Crawled caption data:

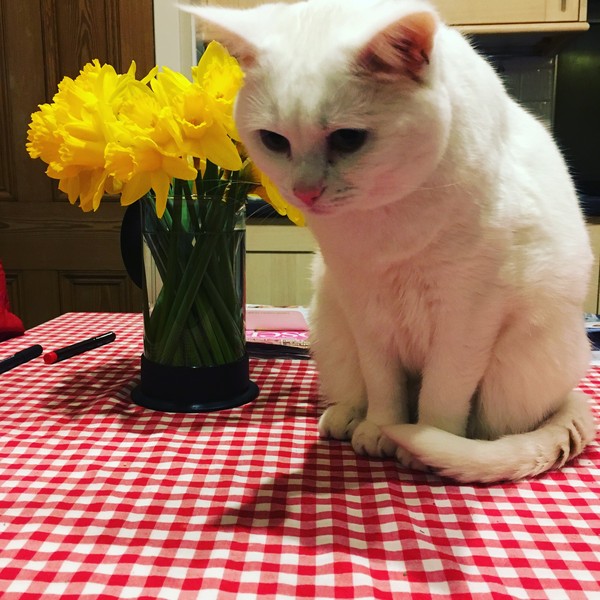 Thank goodness  for my cat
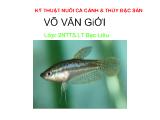 Chuyên đề Báo cáo tìm hiểu về cá bãi trầu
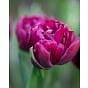 Tulip Alison Bradley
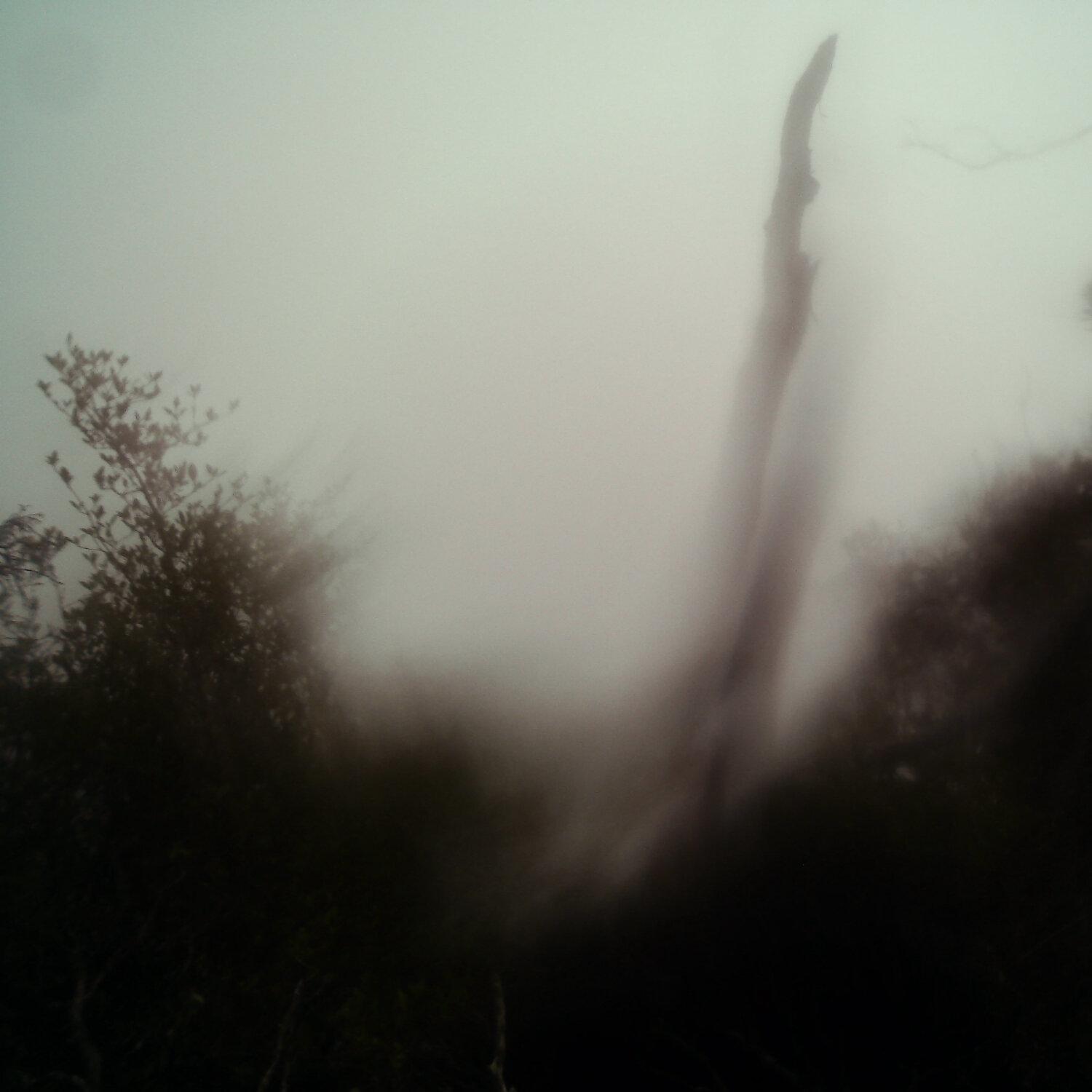 A photo captured from the webcam at the time the audio was recorded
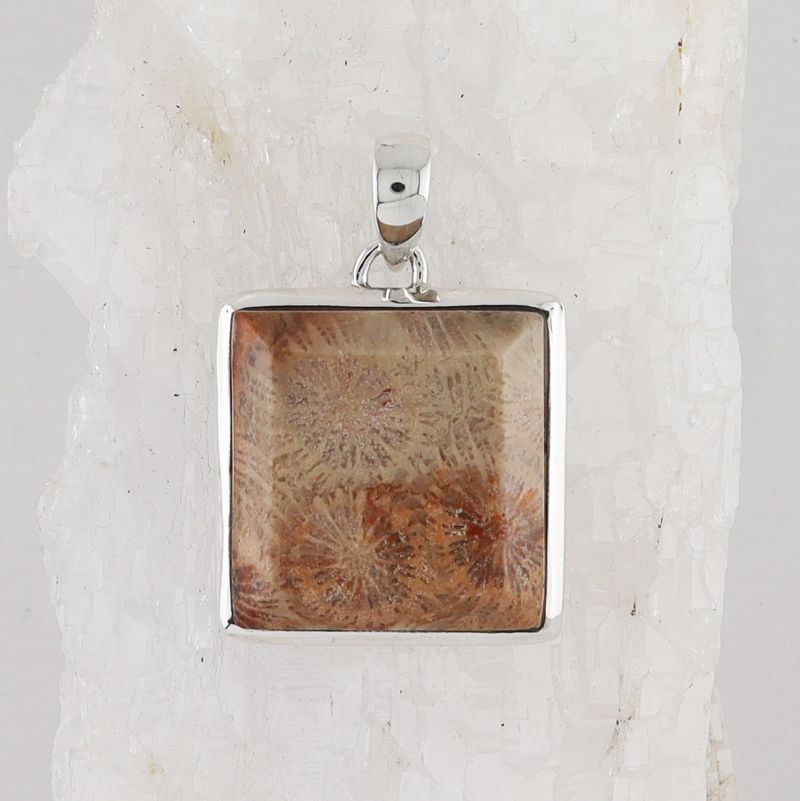 BSS P-0651 FC (Fossilize Coral)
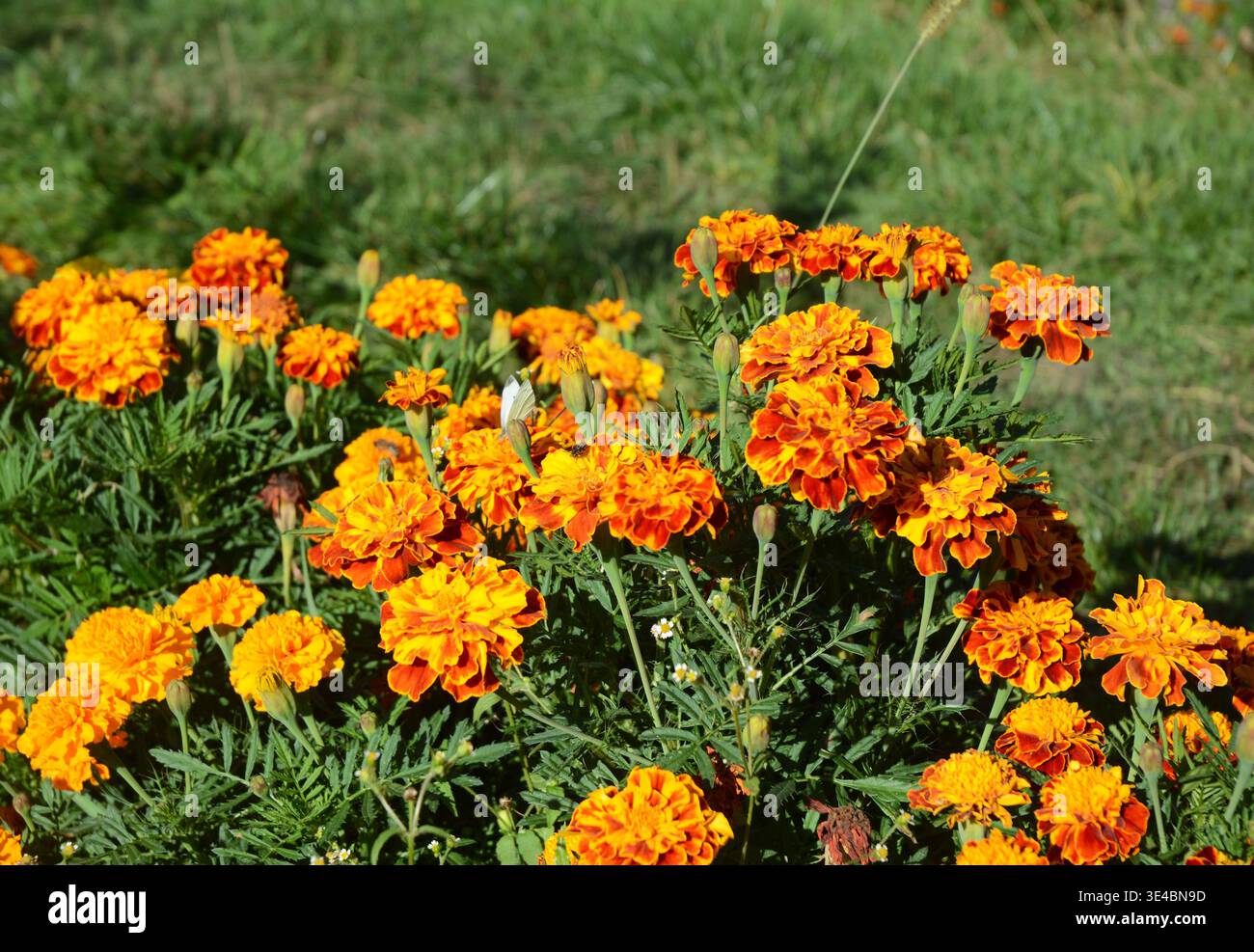Ringelblumen oder Tagetes (Tagetes erecta, mexikanische, aztekische oder afrikanische Ringelblume), eine Nektarquelle für Schmetterlinge. Stockfoto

» YOUR TASK
Any pictures above are to be left out. Retype the rest of the records exactly.

» ANSWER BOX
 Thank goodness  for my cat
 Chuyên đề Báo cáo tìm hiểu về cá bãi trầu
 Tulip Alison Bradley
 A photo captured from the webcam at the time the audio was recorded
 BSS P-0651 FC (Fossilize Coral)
Ringelblumen oder Tagetes (Tagetes erecta, mexikanische, aztekische oder afrikanische Ringelblume), eine Nektarquelle für Schmetterlinge. Stockfoto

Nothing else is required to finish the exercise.